Only 1 in 5 Americans believe that failing to respond to chemical weapons attacks in Syria would embolden other rogue governments, rejecting the heart of a weeks-long White House campaign for U.S. military strikes, an Associated Press poll concluded Monday,
The poll of 1,007 adults nationwide found that most Americans oppose even a limited attack on Syria — likely with cruise missiles — despite Obama administration warnings that inaction would risk national security and ignore a gruesome humanitarian crisis. And a slim majority — 53 percent — fear that a strike would lead to a long-term U.S. military commitment in Syria.
The survey reflects a U.S. public that is tired of Mideast wars after a dozen years of military action in Iraq and Afghanistan. It undercuts political support Obama is hoping to garner as he seeks congressional authorization this week to strike the regime of Syrian President Bashar Assad.

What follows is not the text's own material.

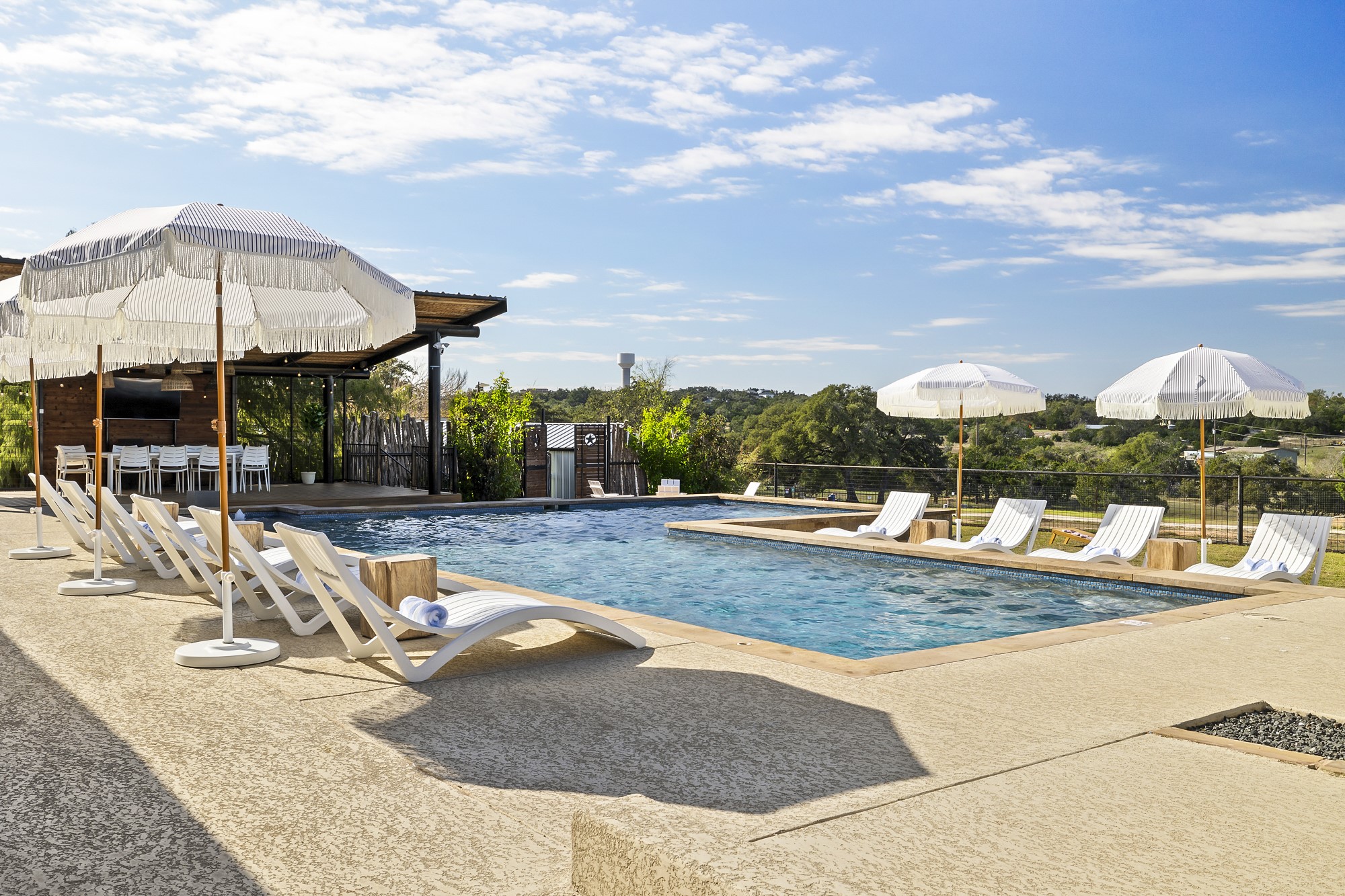 The Den & Pool Area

U.S. officials have cited a high confidence in intelligence that indicates Assad’s government launched the Aug. 21 attacks that they say killed more than 1,400 Syrians. Obama last year warned Assad that using chemical weapons in the Syrian civil war would amount to a “red line” that, if crossed, would bring a swift U.S. response.
But the White House is facing lukewarm support in Congress, where many lawmakers have questioned whether the strikes would create more of a problem for the U.S. than they would help the nearly three year effort to overthrow Assad.
“America needs to stop getting into other people’s business and causing a war that’s mainly unneeded,” Patrick Lawrence, a student at Loyola Marymount University, said Monday while eating breakfast at a Glendale, Calif., bakery.
(AP)
If Assad still refuses to negotiate an end to the Syrian civil war, “then we should go after him instead of going after innocent people in random cities,” Lawrence said. He was referring to the strong possibility of civilians who would be killed unintentionally during U.S. strikes.
Released Monday, the AP poll was conducted September 6-8 by GfK Public Affairs and Corporate Communications. It involved landline and cellphone interviews with 1,007 adults nationwide. Results for the full sample have a margin of sampling error of plus or minus 3.7 percentage points; it is larger for subgroups.